Williams Cos. on Thursday posted a $1.26 billion loss for 3Q2010, which it blamed partly on significant impairment charges related to its Barnett Shale properties. The losses were a turnaround from the year-ago period when the Tulsa-based company had profits of $143 million (24 cents).

The latest quarter’s losses all were within the Exploration & Production (E&P) segment, including pretax charges of about $1 billion for a goodwill impairment, as well as a $678 million loss related to proved and unproved gas properties that are primarily in the Barnett play. In 3Q2009 Williams reported $100 million in profits from the E&P segment.

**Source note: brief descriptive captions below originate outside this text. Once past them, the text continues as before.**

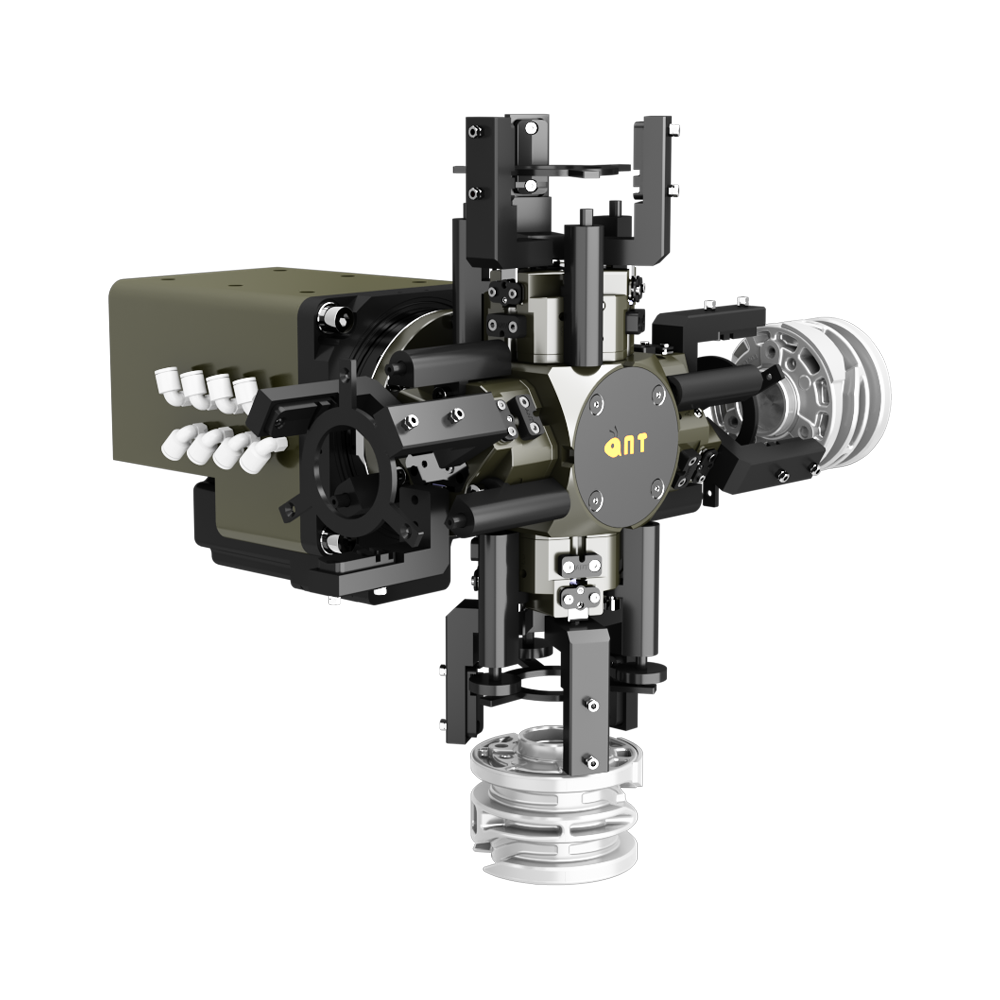 AZN - 3-Finger Concentric Gripper(AZN) - CHANG ZHOU ANT MACHINERY ...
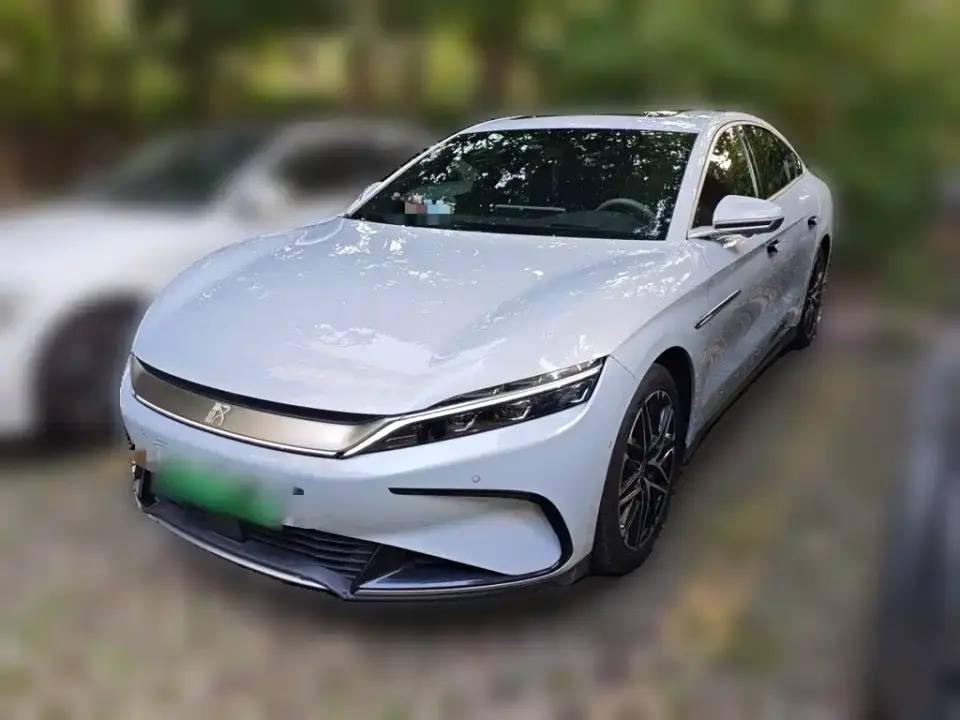 BYD Han Model EV 605KM Premium Version 2024
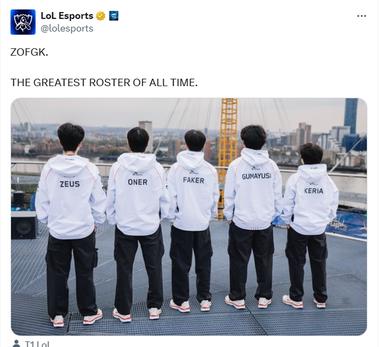 Zeus Leaves T1, Doran Joins: A Seismic Shift in LCK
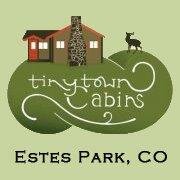 TinyTownCabins's profile picture. Rustic mountain cabins rich in Americana, perfectly situated on The Big Thompson River at the base of the Rockies!
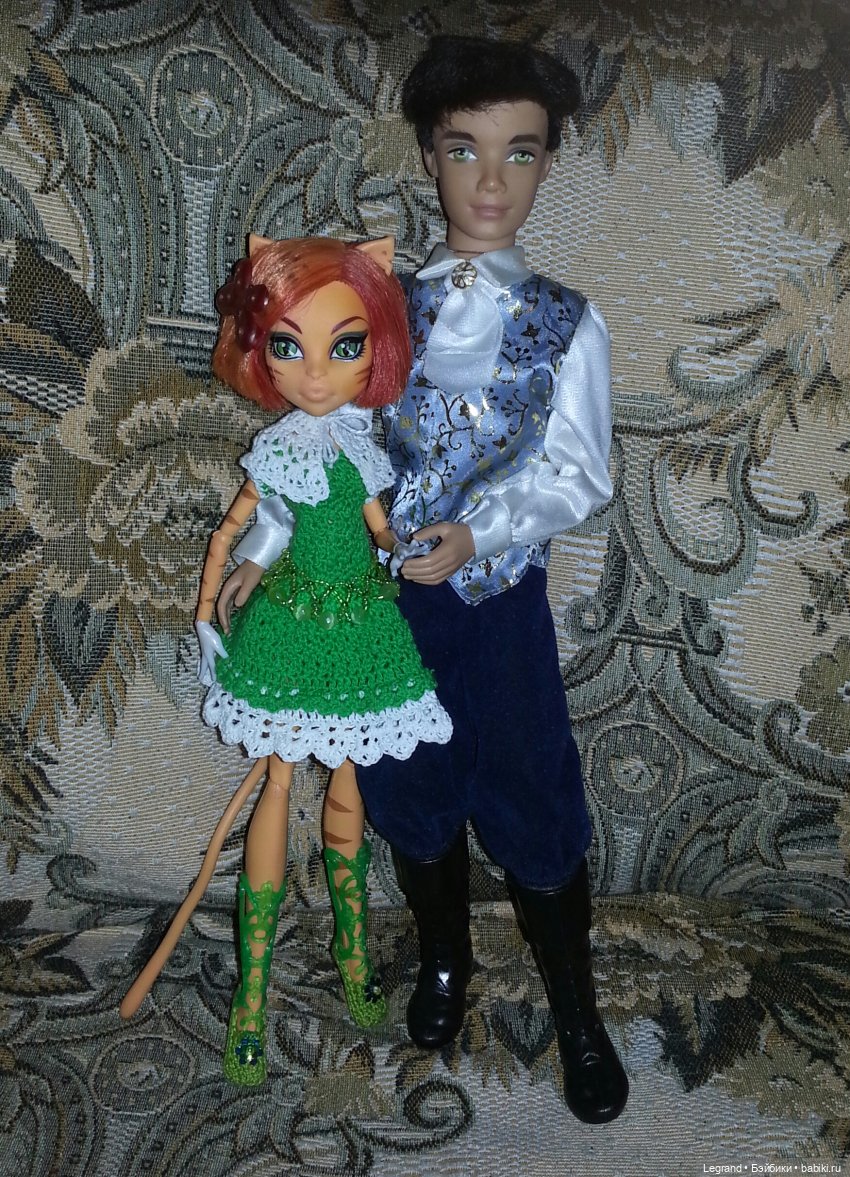 Эллис: архивные фото — Куклы Monster High и Ever After High: G1 (фото 5)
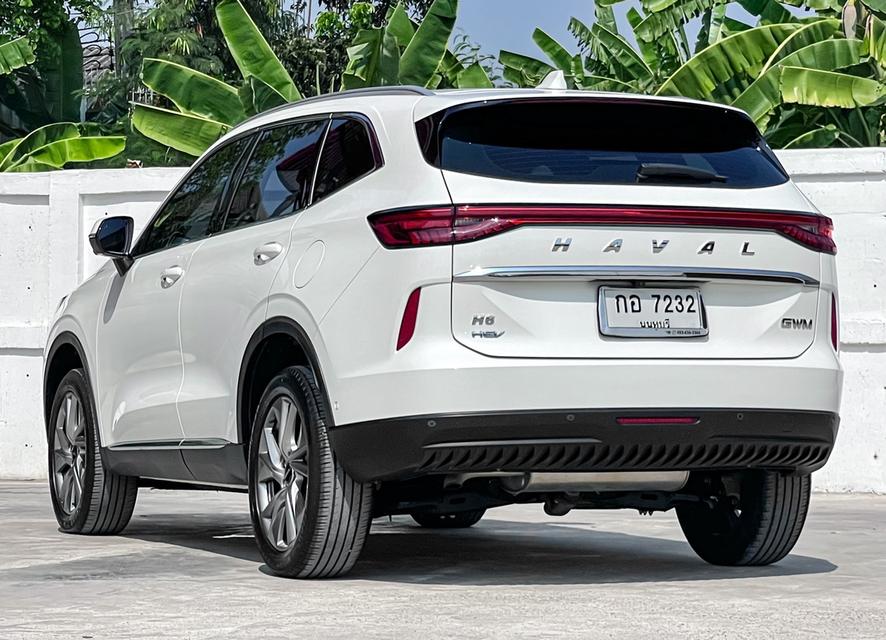 ขาย Haval H6 1.5Hybrid ปี21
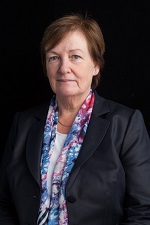 'Verantwoordelijk wethouder Mary van Gent' - Foto: Hollands Kroon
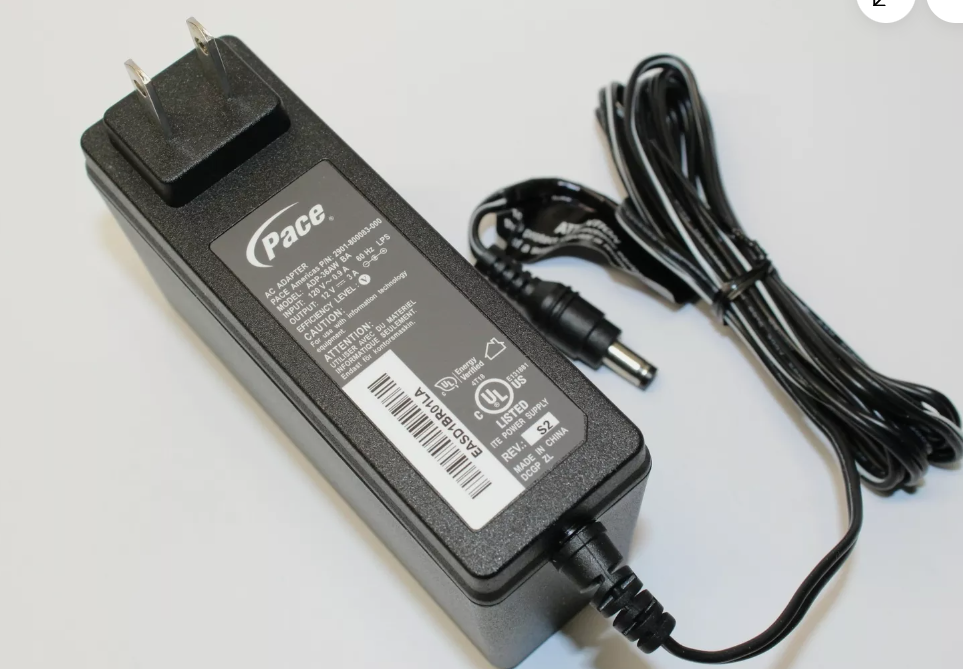 *Brand NEW*Pace ADP-30AW Output 12V 3A AC Adapter Transformer Charger Adaptor Power Supply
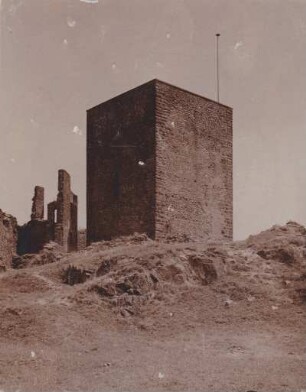 Lichtenberg, Ruine bei Kusel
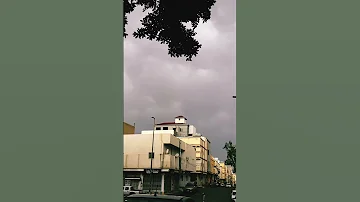 أجواء الطائف اليوم الجمعة ١٣ ١١ Videomaker 2023 الطائف 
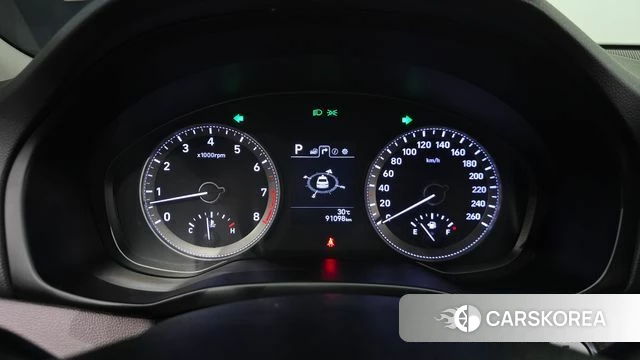 Hyundai Grandeur IG id 4397821 из Кореи 29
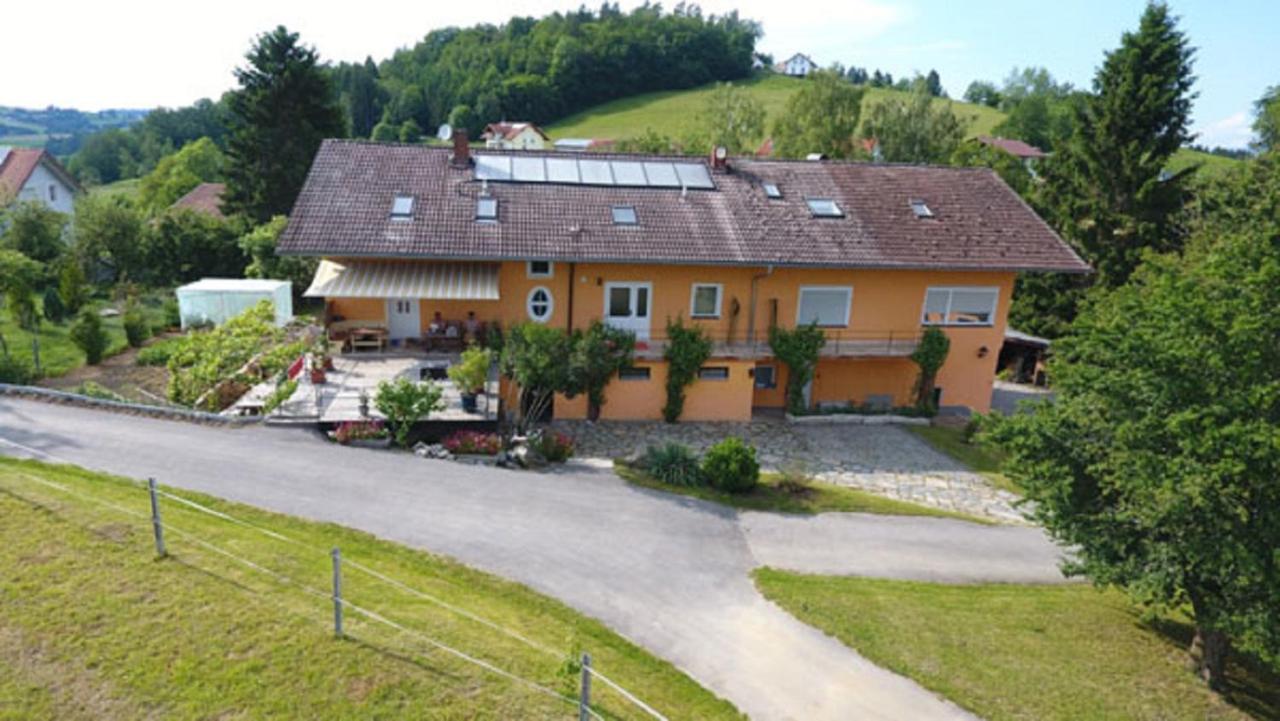 Naturfreundepension Hagenberger Fuer Erwachsene Witzmannsberg Extérieur photo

Despite the earnings losses in the quarter, the company’s total production in 3Q2010 was 2% higher sequentially from 2Q2010. In the Piceance Basin quarterly production was down 2% to 682 MMcfe/d from 697 MMcfe/d in the year-ago period, but it rose 5% sequentially. Powder River Basin output rose 6% year/year to 237 MMcfe/d from 224 MMcfe/d and was up 4% sequentially.

Williams’ E&P unit includes natural gas production and development in the Rocky Mountains, San Juan Basin, Barnett Shale, Marcellus Shale. and oil and gas development in South America.

The segment’s losses in the quarter mostly was attributed to a write-down in Barnett Shale assets. On an adjusted basis, the losses, said Williams were “due primarily to higher exploration expenses associated with the company’s activities in the Paradox Basin and higher operating taxes.” The charges were offset in part by higher net realized average prices for natural gas.

Williams’ net realized average price for U.S. production, including hedging gains, was $4.35/Mcfe in 3Q2010, which was 4% higher than in the year-ago period when it received $4.18/Mcfe.

In September both Williams Cos. and the partnership reduced earnings forecasts and planned capital spending through 2012 to reflect lower expected gas prices and natural gas liquids margins (see Daily GPI, Sept. 17). Williams has been hit partly because of its restructuring charges in the past few months as it works to simplify its businesses and focus on E&P over midstream operations.

In light of its restructuring, it appeared to come as no surprise to analysts that Williams agreed to sell the Piceance Basin midstream operations to Williams Partners for $782 million. The partnership’s total consideration for the assets is to include $702 million in cash and $80 million in partnership units. The assets include the Parachute Plant Complex, three other treating facilities with a combined processing capacity of 1.2 Bcf/d, and a gathering system with 150 miles of pipeline.

More than 3,300 wells are connected to the gathering system in Colorado, including pipelines that are up to 30 inches in diameter. The transaction also includes a life-of-lease dedication from the E&P segment.

“We continue to project steady earnings growth and seize opportunities to expand our businesses,” said CEO Steve Malcolm said. “For example, the drop-down transaction that we announced…provides attractive fee-based growth for Williams Partners while providing Williams with additional cash.”

For the final three months of this year gas production volumes are forecast to be higher than in 4Q2009, Williams said. Overall average annual daily production for 2010 is expected to be consistent with 2009 volumes. Additionally, Williams said average annual daily production at its midpoint is forecast to increase by 3% in 2011 and 7% in 2012.